Provided data
-- Opening Marker --

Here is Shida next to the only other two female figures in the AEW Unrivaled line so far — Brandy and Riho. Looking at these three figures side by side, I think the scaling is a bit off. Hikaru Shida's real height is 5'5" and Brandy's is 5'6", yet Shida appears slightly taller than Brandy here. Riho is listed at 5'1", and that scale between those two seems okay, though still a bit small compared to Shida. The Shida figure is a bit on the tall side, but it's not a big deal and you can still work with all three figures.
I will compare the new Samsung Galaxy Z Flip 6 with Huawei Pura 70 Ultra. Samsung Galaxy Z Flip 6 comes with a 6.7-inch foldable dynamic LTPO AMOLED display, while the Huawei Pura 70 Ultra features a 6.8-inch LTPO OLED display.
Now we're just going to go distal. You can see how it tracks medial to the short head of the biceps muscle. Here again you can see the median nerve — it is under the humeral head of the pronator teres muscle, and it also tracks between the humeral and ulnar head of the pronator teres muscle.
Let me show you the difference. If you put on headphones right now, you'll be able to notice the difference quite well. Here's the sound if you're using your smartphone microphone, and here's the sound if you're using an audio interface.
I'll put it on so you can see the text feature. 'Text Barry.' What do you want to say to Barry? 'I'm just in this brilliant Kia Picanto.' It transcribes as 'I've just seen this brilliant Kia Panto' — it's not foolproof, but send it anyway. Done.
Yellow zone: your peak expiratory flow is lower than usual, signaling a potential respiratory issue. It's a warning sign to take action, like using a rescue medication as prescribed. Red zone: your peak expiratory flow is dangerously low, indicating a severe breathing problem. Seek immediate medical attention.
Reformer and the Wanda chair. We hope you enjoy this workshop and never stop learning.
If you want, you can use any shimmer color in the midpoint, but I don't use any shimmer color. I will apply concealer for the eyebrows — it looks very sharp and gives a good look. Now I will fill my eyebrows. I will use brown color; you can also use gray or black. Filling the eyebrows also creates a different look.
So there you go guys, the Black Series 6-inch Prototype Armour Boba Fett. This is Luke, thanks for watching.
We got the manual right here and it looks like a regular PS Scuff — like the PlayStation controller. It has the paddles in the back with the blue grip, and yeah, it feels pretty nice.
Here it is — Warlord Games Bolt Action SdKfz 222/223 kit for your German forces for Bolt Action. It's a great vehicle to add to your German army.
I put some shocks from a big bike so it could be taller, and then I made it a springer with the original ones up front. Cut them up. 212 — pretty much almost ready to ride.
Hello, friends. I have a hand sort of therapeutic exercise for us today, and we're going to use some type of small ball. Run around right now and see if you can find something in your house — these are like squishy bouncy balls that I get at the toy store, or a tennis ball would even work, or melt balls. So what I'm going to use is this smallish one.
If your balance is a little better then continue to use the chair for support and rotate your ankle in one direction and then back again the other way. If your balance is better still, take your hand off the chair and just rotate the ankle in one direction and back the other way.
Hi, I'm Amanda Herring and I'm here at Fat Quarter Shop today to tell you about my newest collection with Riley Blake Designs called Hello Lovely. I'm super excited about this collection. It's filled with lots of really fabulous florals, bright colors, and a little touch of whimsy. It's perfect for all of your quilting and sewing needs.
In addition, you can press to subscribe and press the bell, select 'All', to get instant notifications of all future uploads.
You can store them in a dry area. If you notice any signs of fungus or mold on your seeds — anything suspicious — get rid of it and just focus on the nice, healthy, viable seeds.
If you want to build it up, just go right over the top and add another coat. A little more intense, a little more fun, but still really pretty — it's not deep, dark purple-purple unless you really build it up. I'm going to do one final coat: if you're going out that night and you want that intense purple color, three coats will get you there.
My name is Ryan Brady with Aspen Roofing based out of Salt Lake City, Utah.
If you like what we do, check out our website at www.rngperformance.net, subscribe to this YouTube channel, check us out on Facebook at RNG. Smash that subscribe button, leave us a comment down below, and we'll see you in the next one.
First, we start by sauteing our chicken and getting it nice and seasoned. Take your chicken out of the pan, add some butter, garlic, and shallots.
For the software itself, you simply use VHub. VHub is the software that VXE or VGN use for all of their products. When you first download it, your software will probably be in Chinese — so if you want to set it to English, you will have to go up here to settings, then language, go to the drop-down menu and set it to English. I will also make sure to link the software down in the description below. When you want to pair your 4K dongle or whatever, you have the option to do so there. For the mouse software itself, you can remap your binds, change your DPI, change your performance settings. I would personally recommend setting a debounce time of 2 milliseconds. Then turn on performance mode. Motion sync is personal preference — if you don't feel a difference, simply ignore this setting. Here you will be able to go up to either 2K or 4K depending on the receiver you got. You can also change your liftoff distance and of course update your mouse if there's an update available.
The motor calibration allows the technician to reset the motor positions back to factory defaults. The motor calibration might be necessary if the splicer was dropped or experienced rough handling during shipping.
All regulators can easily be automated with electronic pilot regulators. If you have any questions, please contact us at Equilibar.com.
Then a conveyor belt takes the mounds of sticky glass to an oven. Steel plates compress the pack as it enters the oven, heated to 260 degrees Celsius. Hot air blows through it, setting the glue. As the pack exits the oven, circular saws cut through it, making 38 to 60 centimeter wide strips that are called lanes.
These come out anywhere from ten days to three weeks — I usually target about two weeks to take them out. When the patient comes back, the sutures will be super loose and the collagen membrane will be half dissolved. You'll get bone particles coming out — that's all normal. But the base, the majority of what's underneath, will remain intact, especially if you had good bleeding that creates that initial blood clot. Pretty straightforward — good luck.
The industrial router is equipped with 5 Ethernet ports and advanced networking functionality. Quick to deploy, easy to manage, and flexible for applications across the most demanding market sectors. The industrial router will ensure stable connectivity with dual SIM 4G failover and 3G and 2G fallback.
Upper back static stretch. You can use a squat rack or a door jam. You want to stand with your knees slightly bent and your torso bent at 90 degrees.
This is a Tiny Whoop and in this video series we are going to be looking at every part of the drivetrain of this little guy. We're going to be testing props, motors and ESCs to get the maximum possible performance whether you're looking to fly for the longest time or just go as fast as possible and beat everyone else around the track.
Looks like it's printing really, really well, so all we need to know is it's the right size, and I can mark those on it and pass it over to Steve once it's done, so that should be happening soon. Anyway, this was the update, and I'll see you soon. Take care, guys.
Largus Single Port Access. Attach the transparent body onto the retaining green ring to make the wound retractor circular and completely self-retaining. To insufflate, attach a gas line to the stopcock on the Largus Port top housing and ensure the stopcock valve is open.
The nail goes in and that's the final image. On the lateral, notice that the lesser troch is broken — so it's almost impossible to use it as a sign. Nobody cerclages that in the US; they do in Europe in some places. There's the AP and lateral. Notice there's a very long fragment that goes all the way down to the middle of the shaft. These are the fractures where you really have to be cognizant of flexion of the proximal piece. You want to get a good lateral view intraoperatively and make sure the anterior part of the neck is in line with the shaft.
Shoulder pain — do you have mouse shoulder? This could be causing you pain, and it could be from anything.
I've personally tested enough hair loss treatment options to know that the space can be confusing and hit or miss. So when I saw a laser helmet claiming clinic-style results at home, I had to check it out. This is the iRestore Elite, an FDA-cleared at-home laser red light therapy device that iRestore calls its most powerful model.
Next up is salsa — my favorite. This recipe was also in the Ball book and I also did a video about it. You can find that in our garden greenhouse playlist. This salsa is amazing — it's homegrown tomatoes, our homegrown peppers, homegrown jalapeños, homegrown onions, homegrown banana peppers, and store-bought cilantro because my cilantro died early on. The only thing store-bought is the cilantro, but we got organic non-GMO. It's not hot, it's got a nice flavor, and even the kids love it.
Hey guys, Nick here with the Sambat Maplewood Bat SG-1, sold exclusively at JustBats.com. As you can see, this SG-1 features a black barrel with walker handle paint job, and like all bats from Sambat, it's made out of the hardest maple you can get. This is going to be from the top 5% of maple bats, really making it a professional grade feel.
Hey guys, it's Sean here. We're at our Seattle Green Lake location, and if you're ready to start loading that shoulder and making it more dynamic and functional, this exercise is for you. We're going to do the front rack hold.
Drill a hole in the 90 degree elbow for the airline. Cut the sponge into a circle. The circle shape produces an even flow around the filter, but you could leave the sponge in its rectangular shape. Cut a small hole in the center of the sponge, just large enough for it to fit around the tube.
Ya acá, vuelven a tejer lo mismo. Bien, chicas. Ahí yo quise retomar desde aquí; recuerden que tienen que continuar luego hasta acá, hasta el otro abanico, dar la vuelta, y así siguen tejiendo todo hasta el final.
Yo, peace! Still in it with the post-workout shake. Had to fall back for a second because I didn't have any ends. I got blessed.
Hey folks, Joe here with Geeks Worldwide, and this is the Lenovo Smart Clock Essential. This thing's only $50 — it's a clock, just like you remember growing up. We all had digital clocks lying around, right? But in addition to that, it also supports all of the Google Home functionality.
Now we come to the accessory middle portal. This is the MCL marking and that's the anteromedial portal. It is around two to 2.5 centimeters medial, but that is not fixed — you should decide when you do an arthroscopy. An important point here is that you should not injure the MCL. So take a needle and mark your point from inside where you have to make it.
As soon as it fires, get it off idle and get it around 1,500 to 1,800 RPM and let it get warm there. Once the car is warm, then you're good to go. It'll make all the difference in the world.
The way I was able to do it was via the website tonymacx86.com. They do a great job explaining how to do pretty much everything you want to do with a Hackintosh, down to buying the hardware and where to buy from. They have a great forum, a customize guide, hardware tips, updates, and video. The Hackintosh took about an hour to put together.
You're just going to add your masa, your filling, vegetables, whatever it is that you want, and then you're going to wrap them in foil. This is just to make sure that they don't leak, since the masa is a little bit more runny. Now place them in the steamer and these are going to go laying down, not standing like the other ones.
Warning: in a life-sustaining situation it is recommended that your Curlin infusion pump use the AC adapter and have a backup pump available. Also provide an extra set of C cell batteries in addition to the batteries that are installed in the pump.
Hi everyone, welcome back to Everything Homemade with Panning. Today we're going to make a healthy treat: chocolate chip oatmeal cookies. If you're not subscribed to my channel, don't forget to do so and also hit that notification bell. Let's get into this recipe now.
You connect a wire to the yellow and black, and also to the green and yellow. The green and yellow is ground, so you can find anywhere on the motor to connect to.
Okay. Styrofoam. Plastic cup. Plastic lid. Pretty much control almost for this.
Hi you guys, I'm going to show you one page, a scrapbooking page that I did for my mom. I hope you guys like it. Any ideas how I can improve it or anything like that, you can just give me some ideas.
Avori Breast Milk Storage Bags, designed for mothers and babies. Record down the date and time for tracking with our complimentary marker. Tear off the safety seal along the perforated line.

-- Closing Marker --

Action item
A bare number is the whole answer: the tally of lines in the listing above that include "hope".

The answer
2